As colonies expand, wooden boxes, or “supers,” are added to allow for more honey production and to give the colonies room to expand. The energy created within the brood chamber (the lower area of the hive where the young are reared and honey is stored for food) keeps the temperature at about 95 degrees in summer, and at least 72 degrees over the winter months. Temperature is an essential aspect of keeping a queen fertile.
Woller’s 600 hives are divided between 20 locations that are regularly monitored. Farmers appreciate the placement of hives; some businesses pay Woller to locate his hives on their premises for pollination purposes.
Any honey that bees produce through June each year is consumed or used for the sole purpose of brood-rearing and winter food storage. Excess honey used for retail sale is only produced and collected in July and August. A typical colony produces 80 pounds of excess honey annually.

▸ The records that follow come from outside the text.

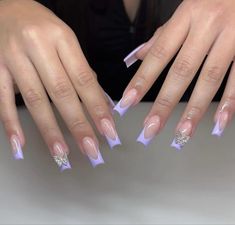 By @naturalnail_spa Extravagant Purple Nails, Purple French Tip Nails With Charms, Purple French Tips With Butterflies, Pastel Purple Acrylic Nails Lavender, Purple French Tip With Gems, Light Purple Nails With Gems, Purple Acrylic Nails With Charms, Lavender French Tip Acrylic Nails, Purple Nail Designs With Charms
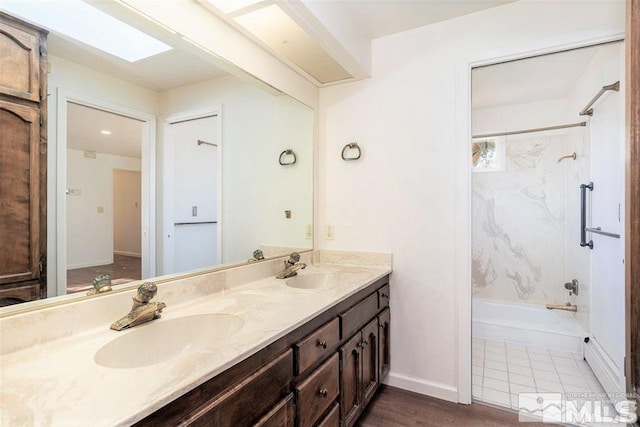 bathroom featuring hardwood / wood-style floors, vanity, tub / shower combination, and a skylight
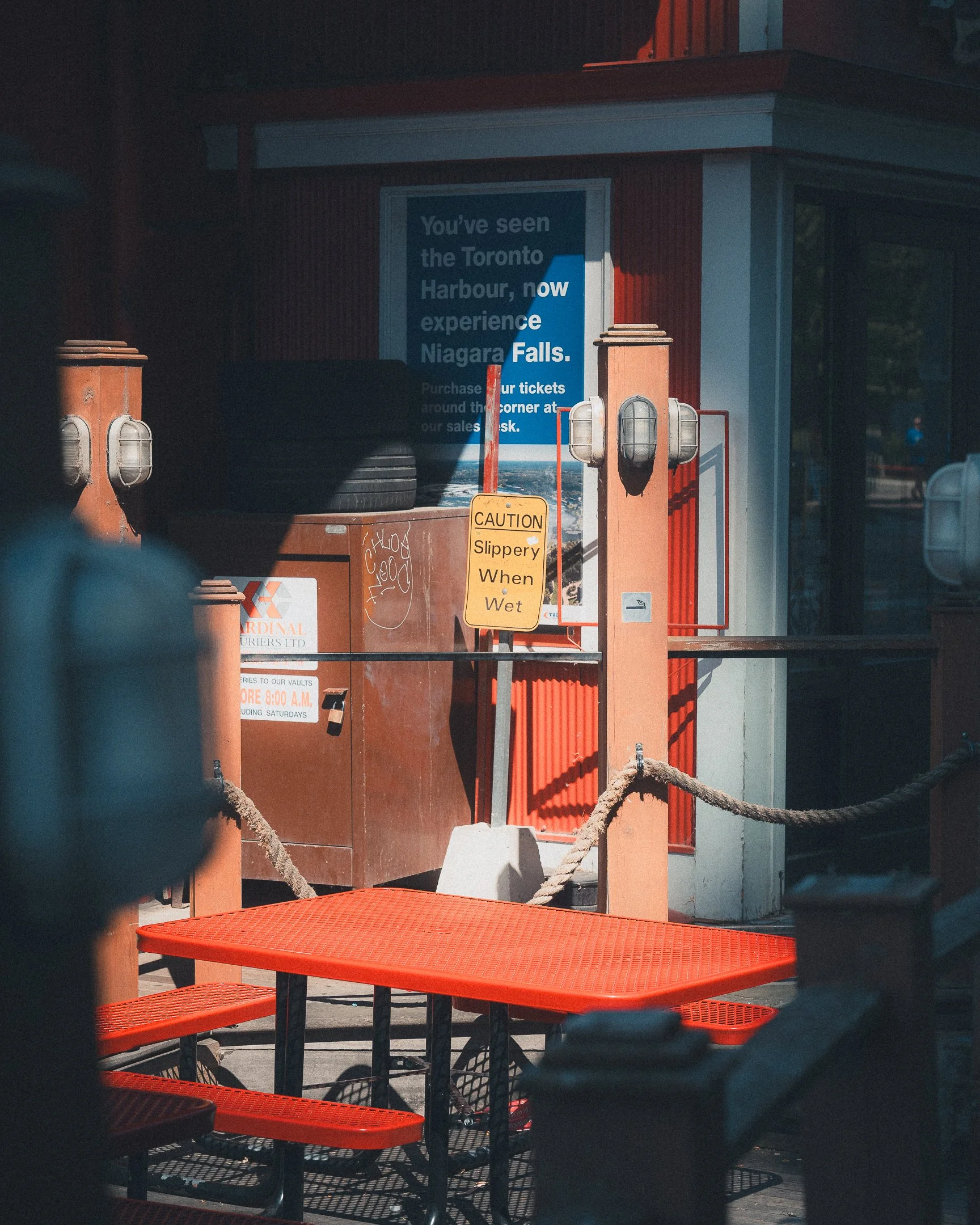 Outdoor seating area with a bright orange table and benches, a caution sign warning slippery when wet, and a poster promoting experiences at Niagara Falls behind a railing with ropes, in front of a building with red siding and a large window.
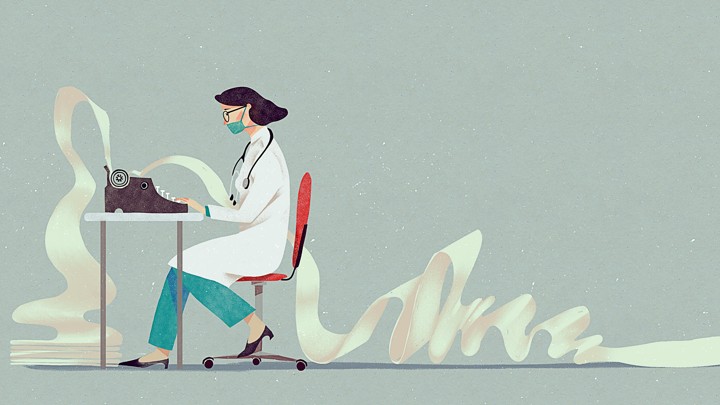 A woman sitting at a typewriter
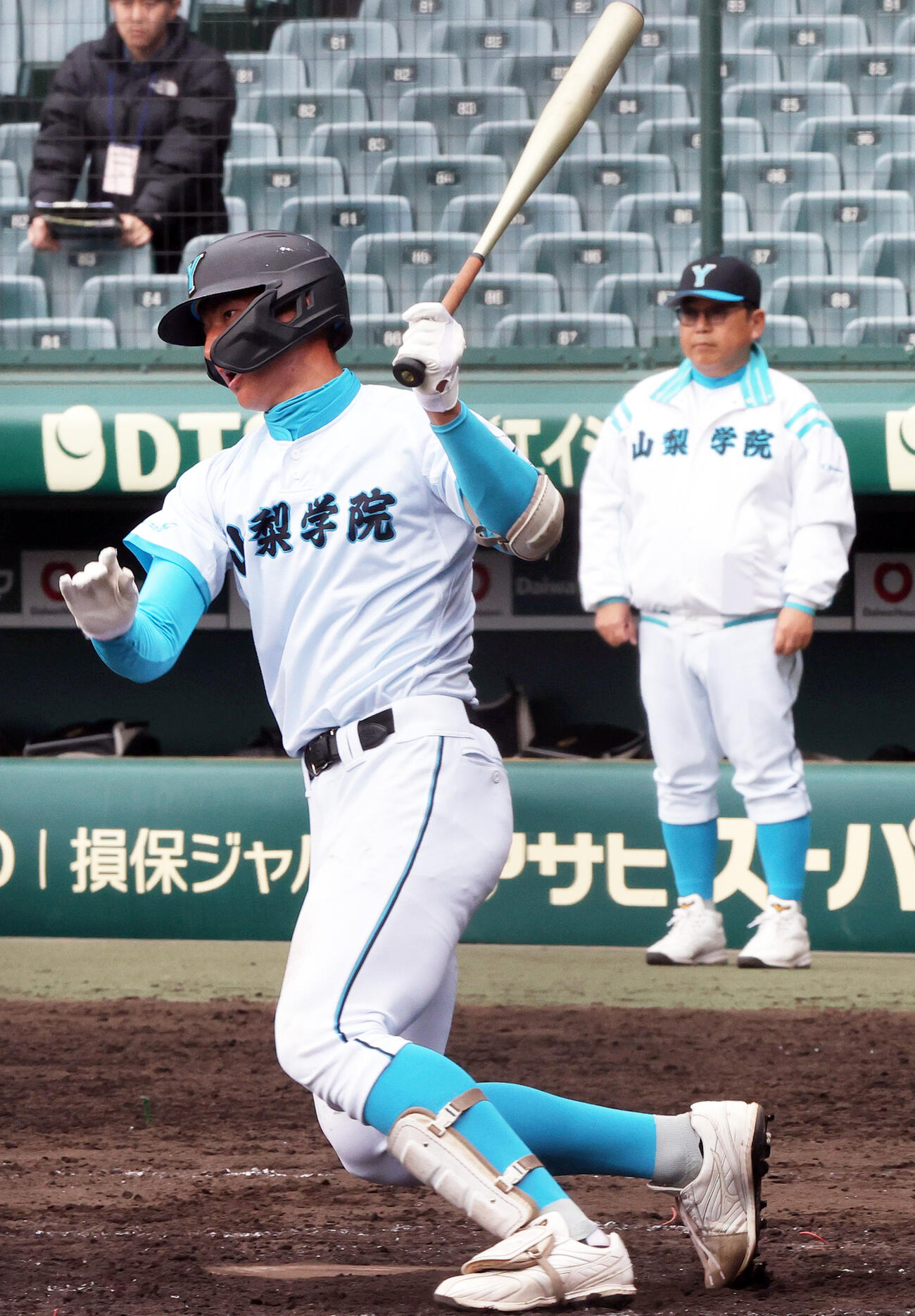 甲子園練習で打撃する山梨学院の菰田。後方右は吉田監督（撮影・上山淳一）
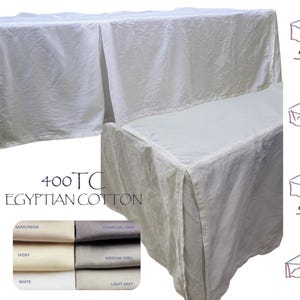 May include: White 400TC Egyptian cotton table skirt with a pleated design. The image shows the skirt draped over a table, with a close-up of the fabric texture. Additional color swatches and table skirt style options are also displayed.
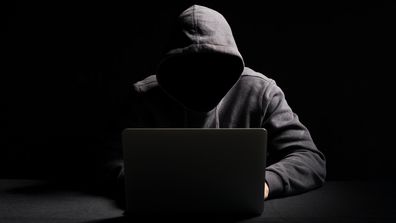 Hacker scammer dark hooded laptop computer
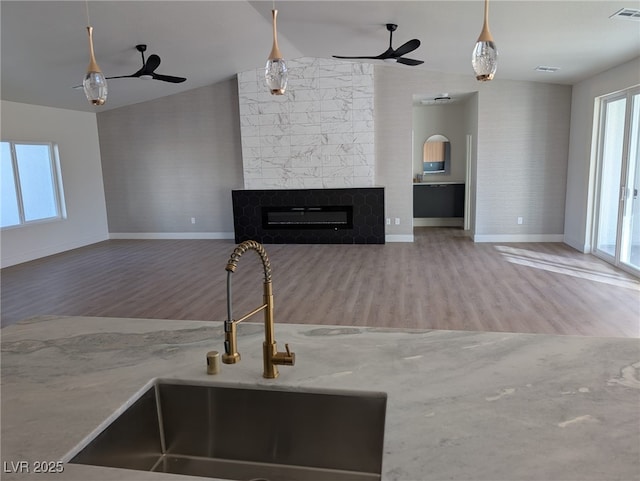 unfurnished living room featuring a tile fireplace, vaulted ceiling, visible vents, and a sink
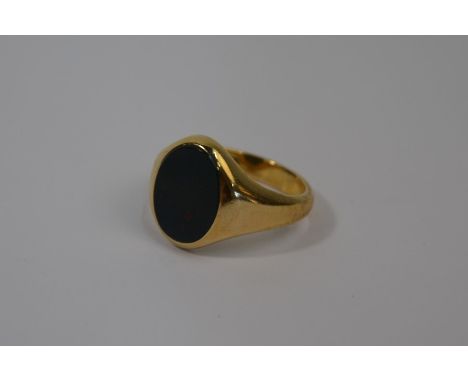 A 9ct yellow gold signet ring set with oval plain blood stone, size T/U, approx 7.7g all inLight wear/scratches only
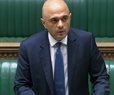 UK Minister Apologizes for Urging People Not to 'Cower From' COVID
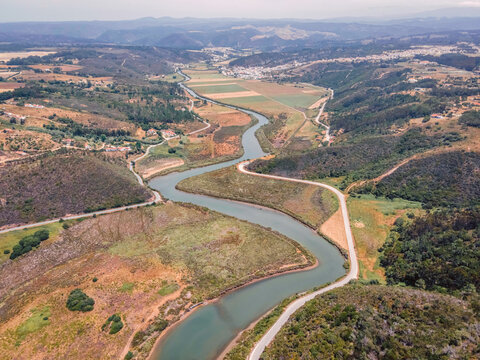 Aerial view of Praia de Odeceixe along Ribeira de Seixe river, Odeceixe, Faro, Portugal.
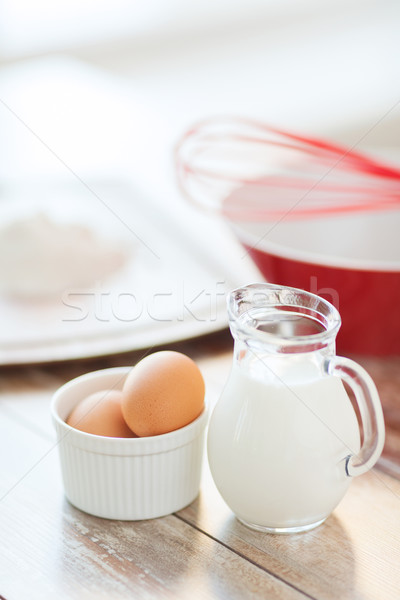 jugful of milk, eggs in a bowl and flour Stock photo © dolgachov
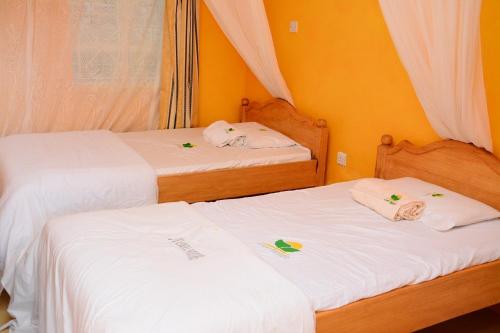 2 bedden in een kamer met witte lakens bij New Green Pastures Guest House in Eldoret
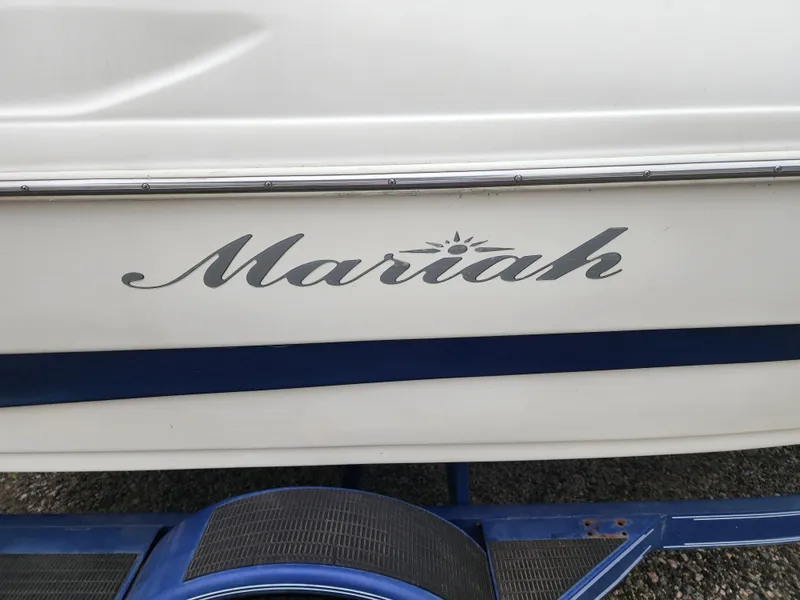Slide: The Image of 2003 Mariah Bow Rider SX9 boat with logo on side. - 13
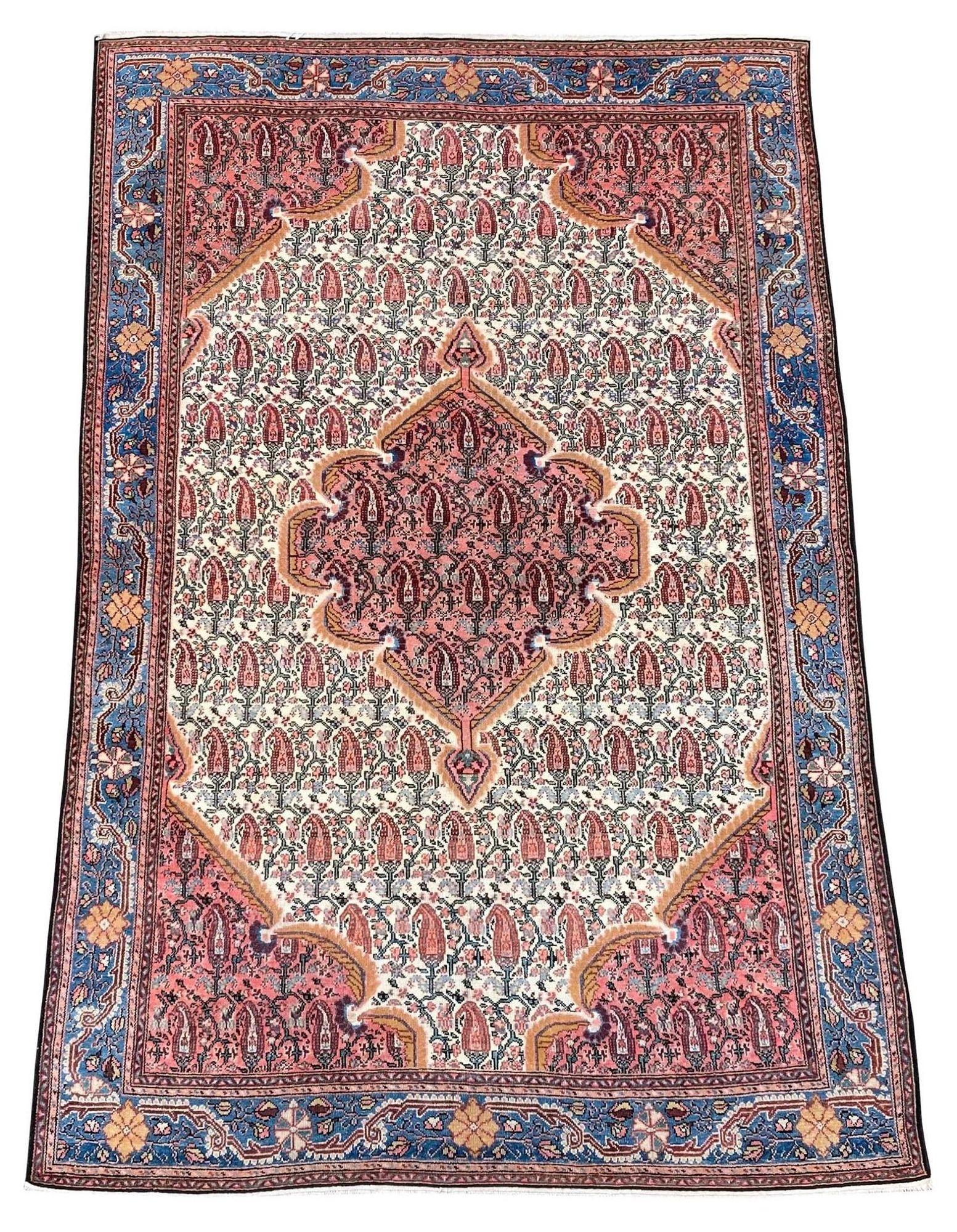 A lovely antique Malayer rug, handwoven circa 1900 with a linked Boteh medallion on an ivory field and attractive light blue border. Very finely woven with high quality wool and great secondary colours, particularly the combination of pink and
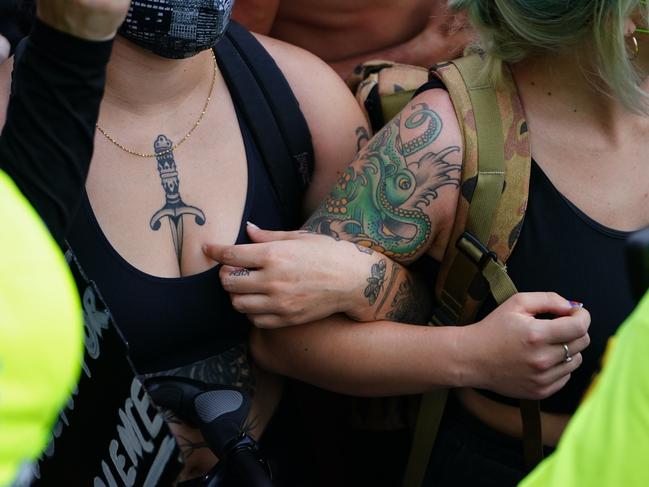 People lock arms while facing a police line during a protest in response to the police killing of George Floyd outside the CNN Center in Atlanta, Georgia. Picture: Getty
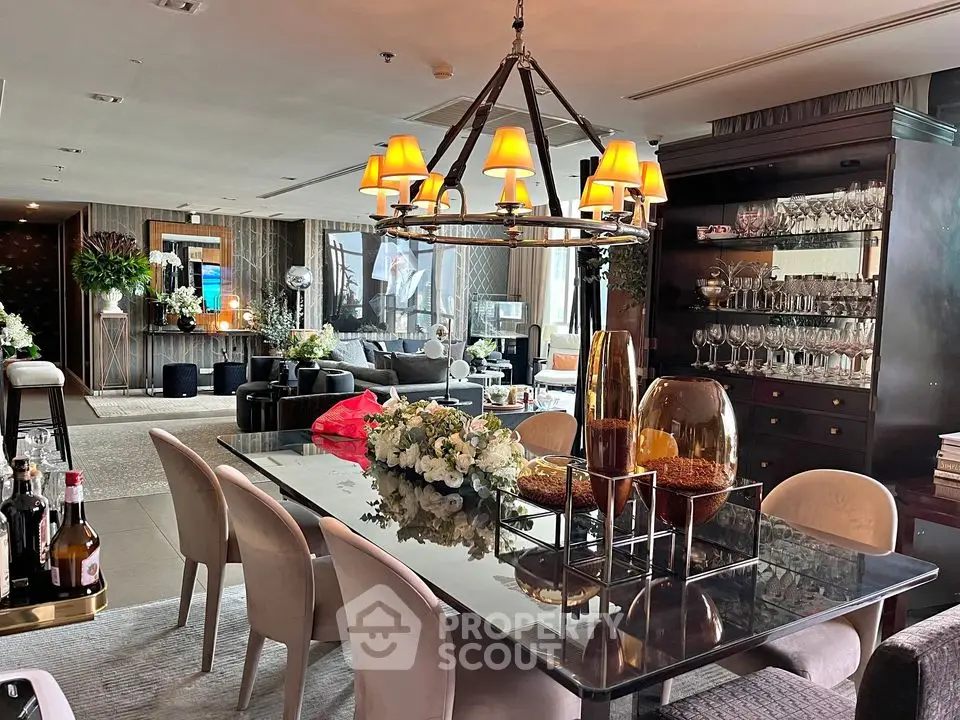 Luxurious dining area with elegant chandelier and stylish decor in modern open-plan living space.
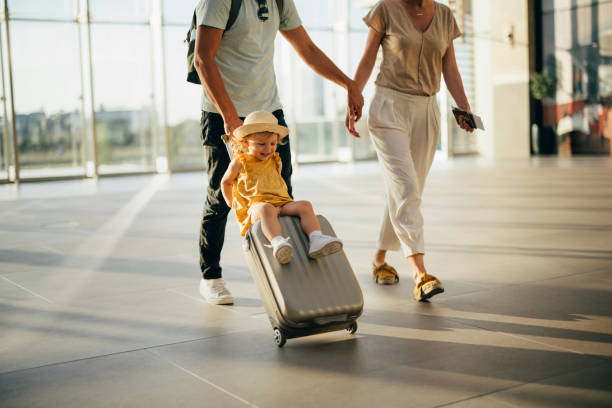 istock Young Family Having Fun Traveling Together 1352753098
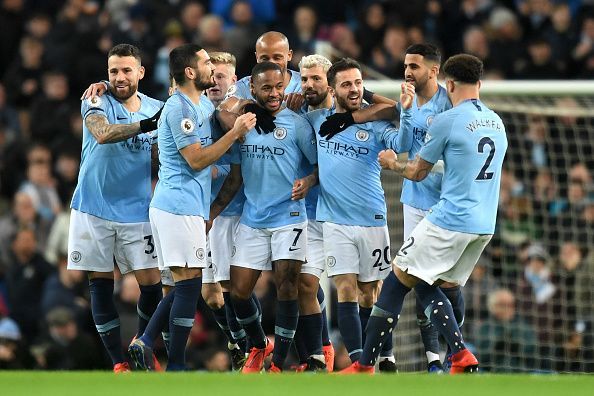 Manchester City players celebrate one of Sterling's strikes in an action-packed second-half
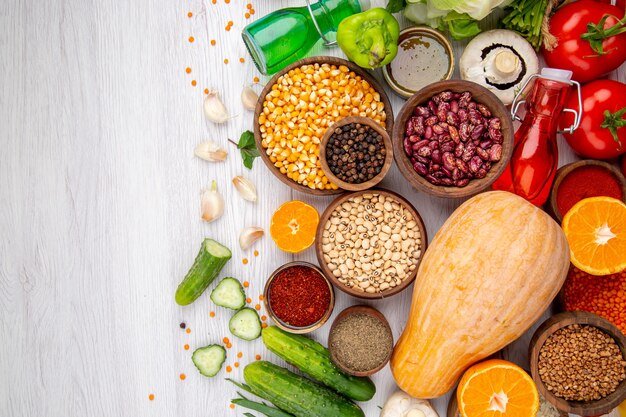 Horizontal view of fresh cauliflower and different foods for cooking on the right side on white table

Through a process of spinning, filtering and extraction, Woller harvests 73 barrels (650 gallons each) of honey a year. Most of the company’s revenue comes from grocery store sales throughout the area, and he says a typical Saturday farmers market generates between $500 and $700 in sales.
Woller’s fascination with bees is guarded by reality. Recent reports of Colony Collapse Disorder (CCD), where worker bees mysteriously abandon their hives, have perplexed experts worldwide. Harp, the purist, believes CCD is caused by “sloppy beekeeping.”
To a certain degree, Woller agrees, saying, “bees are just like livestock. They have to be fed and tended to.” He also thinks mite infestations and a common practice of transporting colonies of bees across the country for pollination purposes might be somewhat problematic.
Yet there is a more immediate concern. Dairy farms are disappearing, and with the farms go many of the hay fields that provided an abundance of floral sources that bees used to pollinate. “Emmett remembers getting as much as 150 to 200 pounds of honey from a hive. Now we struggle to get 70 to 80,” Woller said. “This, I’m afraid, is a profession that is dying out.”
Woller inspects his fingertips. “I only got stung twice today,” he remarks, as he hops in his 4-wheeler and heads back to the hives.